It is worth noting that wind power generation is considered environmentally correct (Kaldellis et al., 2011), its major impact occurring during air turbine production, although most of the consumed material can be recycled after its life cycle (Dones et al., 2007). In fact, a decade ago, Nemet (2008) already pointed out the need for stimulating innovation in low-carbon energy technologies, such as wind power sector. In this case, the need of a framework based on pull demand and push technology policies in order to pursuit the required innovation is highlighted. Analyzing the wind power case in California, the author draws attention to three major characteristics regarding climate change prevention: non-greenhouse

42 American Journal of Management Vol. 15(2) 2015

emission energy sources, which means considerable increase in wind power supply along the century, commercial availability of this long-lived technology and dramatic technological change that reduced wind turbines costs by a factor of five in two decades last century. However, the main driving forces of the well-established wind power model in that state, according to the author, is more owed to the gains from learning by-doing/and -using that are quick derived, often within a year or two, and the construction of the wind farm itself, that takes less than two years. However, the interval between making an investment and its payoff is longer; in other words “new devices must be adapted to real world conditions, integrated into large technological systems, and often require the development of supporting technologies for users to adopt them”. Thus, “push technology may dominate for radical innovations, and pull demand for incremental ones”. Nonetheless, such incremental approach allowed the costs of California wind power to decline by a factor of ten without any radical changes in design in three decades; which, at the end of century, also meant wind power without subsidies almost competitive with natural gas power. A similar analysis regarding the dichotomy between technology-push and demand-pull was presented by Taylor in her review of California's solar policy (Taylor, 2008), but the major argument was the importance of the environmental innovation policy since the dichotomy may be necessary, but not sufficient, for innovation to occur. Note that she considers the term solar energy technologies as “not only to technologies powered directly from the sun energy, but also to technologies powered indirectly from that energy, including wind power, tidal power, and biomass power”.

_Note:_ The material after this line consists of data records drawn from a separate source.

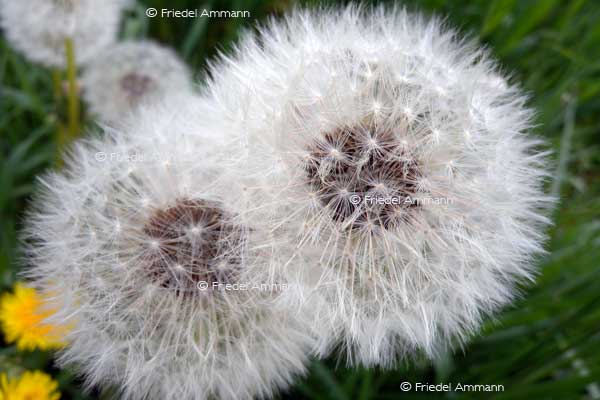 IMPRESSIONEN – Frühling / Spring – Löwenzahn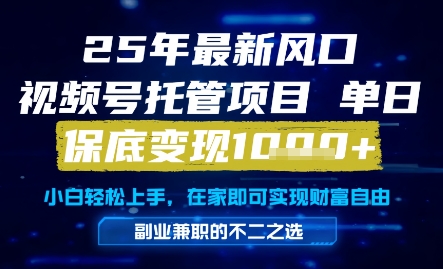 25年最新风口，视频号托管项目，单日保底变现1k+，手把手教学【揭秘】-七量思维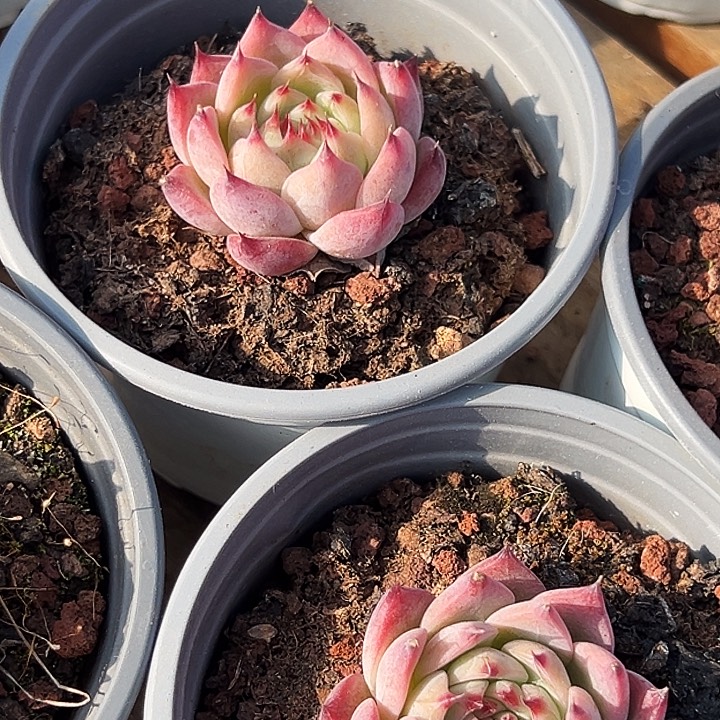 团100    五盆   小惊鸿   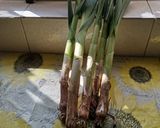 Foto del passaggio 1 della ricetta Frittata di cipollotti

Innovation, pressure due to quick changes, cost reduction with increase in performance and environmental concerns is not a prerogative of the wind power sector; for instance, the electronic sector has dealt with such hindrances for at least five decades now. Thus, in order to respond to such issues, the ITRS (International Technical Roadmap for Semiconductors) group, historically responsible for the roadmap in semiconductor technologies, changed its approach in the last decade. Whereas until recently the application of Moore’s law – which states that the numbers of components on a chip double every year while costs decrease – was the driven force for a virtuous cycle that provide exponential growth of the semiconductor market and high investments in corresponding technologies, i.e., a roadmap based on the technology push approach, highly focused on the R&D efforts, the current trends have changed significantly. The drive force is now to incorporate functionalities that add value to devices, creating integrated systems with pre-determined functions. This new approach requires implementing a new methodology, which goes through the identification of new societal needs to the definition of technological gaps; then determining the physical and chemical parameters that are important limitations to technologies development (Arden et al., 2010). An interesting feature is that the approach changed after decades of incremental performance using the same mechanism – scaling of integrated circuits – because this conception was reaching its physical and chemical fundamental limits (Roy et al.; Wristers, 2010). Moreover, the expensive and risky pursuit of new technologies also leads to innovative ecosystems, in which partnership not only reduces these costs and risks but also combines complementary knowledge in order to address complex problems; again, the semiconductor sector is a paramount example (Leten et al., 2013).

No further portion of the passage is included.